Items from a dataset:

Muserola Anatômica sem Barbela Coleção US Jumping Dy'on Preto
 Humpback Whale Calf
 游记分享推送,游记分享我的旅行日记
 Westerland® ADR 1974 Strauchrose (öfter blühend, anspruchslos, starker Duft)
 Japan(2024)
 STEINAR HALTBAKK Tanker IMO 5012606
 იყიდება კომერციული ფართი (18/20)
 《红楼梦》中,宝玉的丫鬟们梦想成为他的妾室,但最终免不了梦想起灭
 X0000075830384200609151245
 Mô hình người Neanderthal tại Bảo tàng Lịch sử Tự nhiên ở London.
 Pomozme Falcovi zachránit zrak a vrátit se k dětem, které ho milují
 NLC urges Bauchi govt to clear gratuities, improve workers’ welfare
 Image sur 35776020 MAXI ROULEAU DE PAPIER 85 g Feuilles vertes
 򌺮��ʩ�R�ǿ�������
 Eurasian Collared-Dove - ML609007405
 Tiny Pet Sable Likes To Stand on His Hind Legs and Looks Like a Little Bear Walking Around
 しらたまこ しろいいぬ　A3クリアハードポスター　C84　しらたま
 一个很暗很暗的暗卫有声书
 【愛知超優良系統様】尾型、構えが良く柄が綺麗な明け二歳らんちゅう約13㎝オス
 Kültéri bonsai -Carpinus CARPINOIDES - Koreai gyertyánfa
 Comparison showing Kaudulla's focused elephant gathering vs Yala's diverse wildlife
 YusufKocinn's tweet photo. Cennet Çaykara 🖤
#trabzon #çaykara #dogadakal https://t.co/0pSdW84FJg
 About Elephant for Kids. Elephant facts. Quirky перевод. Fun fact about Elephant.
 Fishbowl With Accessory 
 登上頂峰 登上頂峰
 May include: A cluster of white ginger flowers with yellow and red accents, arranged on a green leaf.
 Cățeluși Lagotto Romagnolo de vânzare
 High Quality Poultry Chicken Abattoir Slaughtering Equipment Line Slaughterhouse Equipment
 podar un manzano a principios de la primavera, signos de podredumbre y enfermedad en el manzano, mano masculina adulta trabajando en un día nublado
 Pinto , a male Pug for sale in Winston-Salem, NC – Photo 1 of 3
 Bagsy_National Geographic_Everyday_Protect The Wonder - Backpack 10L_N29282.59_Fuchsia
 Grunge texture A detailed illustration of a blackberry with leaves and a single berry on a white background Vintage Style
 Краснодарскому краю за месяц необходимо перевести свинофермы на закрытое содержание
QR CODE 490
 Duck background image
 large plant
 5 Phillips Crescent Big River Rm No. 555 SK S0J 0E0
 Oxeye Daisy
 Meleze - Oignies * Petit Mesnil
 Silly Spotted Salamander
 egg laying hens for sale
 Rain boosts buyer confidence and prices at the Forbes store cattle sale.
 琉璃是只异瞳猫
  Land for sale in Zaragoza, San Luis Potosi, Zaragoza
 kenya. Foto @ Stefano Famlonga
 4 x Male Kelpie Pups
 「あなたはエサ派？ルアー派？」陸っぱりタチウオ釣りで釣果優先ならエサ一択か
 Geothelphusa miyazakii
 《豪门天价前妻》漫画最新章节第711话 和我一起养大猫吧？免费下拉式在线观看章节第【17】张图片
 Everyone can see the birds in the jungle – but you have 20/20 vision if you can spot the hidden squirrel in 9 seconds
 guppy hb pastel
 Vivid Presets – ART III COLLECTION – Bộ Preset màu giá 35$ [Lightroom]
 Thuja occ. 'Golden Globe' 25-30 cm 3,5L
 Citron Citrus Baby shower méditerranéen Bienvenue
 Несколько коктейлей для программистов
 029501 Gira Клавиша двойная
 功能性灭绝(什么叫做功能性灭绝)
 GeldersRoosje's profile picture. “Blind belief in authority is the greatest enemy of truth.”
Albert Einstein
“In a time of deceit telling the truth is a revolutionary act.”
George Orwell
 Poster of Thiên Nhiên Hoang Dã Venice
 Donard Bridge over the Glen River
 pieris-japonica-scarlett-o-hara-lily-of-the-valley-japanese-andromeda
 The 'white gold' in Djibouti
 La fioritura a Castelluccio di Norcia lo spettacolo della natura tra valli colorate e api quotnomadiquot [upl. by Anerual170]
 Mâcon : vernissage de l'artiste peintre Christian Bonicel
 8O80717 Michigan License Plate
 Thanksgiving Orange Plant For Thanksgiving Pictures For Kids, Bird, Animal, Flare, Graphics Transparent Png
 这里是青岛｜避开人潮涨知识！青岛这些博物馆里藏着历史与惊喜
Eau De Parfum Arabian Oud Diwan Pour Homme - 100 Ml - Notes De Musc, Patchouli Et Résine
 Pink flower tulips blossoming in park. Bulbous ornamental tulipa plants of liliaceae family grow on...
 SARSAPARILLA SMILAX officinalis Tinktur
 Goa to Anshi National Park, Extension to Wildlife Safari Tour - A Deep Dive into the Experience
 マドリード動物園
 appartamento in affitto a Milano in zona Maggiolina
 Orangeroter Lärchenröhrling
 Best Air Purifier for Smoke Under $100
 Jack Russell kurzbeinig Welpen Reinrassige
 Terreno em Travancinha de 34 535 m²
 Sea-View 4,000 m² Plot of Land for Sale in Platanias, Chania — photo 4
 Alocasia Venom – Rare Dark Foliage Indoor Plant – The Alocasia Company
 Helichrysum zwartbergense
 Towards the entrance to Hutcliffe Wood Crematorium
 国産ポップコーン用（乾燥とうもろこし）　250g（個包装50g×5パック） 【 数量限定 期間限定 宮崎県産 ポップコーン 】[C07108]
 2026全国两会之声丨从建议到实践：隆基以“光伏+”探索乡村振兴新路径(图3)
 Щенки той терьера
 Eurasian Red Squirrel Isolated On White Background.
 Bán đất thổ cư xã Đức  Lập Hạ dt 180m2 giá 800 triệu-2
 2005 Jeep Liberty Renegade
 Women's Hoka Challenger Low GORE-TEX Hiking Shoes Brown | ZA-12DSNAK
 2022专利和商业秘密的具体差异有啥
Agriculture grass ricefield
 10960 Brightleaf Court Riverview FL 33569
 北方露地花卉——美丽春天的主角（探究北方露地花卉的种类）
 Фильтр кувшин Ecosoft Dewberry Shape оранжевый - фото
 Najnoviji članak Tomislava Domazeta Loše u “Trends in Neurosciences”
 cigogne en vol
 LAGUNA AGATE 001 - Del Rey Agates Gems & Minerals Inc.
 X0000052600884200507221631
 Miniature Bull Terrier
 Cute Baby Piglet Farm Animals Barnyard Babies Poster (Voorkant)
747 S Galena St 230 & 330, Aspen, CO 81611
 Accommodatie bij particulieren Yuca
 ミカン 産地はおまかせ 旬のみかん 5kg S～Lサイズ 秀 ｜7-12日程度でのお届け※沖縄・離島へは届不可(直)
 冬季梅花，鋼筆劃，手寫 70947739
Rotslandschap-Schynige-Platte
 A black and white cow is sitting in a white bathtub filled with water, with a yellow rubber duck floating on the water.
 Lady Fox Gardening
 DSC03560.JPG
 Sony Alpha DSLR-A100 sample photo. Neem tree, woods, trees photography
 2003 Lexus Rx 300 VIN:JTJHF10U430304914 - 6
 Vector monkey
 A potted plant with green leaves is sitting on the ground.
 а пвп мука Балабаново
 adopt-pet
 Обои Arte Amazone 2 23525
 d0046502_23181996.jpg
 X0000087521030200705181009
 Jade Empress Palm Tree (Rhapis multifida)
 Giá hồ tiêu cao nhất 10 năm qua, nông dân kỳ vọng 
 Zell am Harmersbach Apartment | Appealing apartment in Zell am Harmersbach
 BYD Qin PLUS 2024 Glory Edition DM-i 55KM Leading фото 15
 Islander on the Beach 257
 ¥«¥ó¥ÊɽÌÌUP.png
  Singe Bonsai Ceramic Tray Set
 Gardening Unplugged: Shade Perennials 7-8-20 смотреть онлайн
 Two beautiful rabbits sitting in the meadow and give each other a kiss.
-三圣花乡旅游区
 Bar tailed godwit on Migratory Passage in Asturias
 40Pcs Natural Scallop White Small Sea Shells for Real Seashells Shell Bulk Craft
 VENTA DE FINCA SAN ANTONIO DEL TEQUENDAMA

* WHAT THIS TASK INVOLVES
From the line containing "BYD Qin PLUS" down to the last line of the data, transcribe every line exactly; nothing else should appear.

* FINISHED EXERCISE
 BYD Qin PLUS 2024 Glory Edition DM-i 55KM Leading фото 15
 Islander on the Beach 257
 ¥«¥ó¥ÊɽÌÌUP.png
  Singe Bonsai Ceramic Tray Set
 Gardening Unplugged: Shade Perennials 7-8-20 смотреть онлайн
 Two beautiful rabbits sitting in the meadow and give each other a kiss.
-三圣花乡旅游区
 Bar tailed godwit on Migratory Passage in Asturias
 40Pcs Natural Scallop White Small Sea Shells for Real Seashells Shell Bulk Craft
 VENTA DE FINCA SAN ANTONIO DEL TEQUENDAMA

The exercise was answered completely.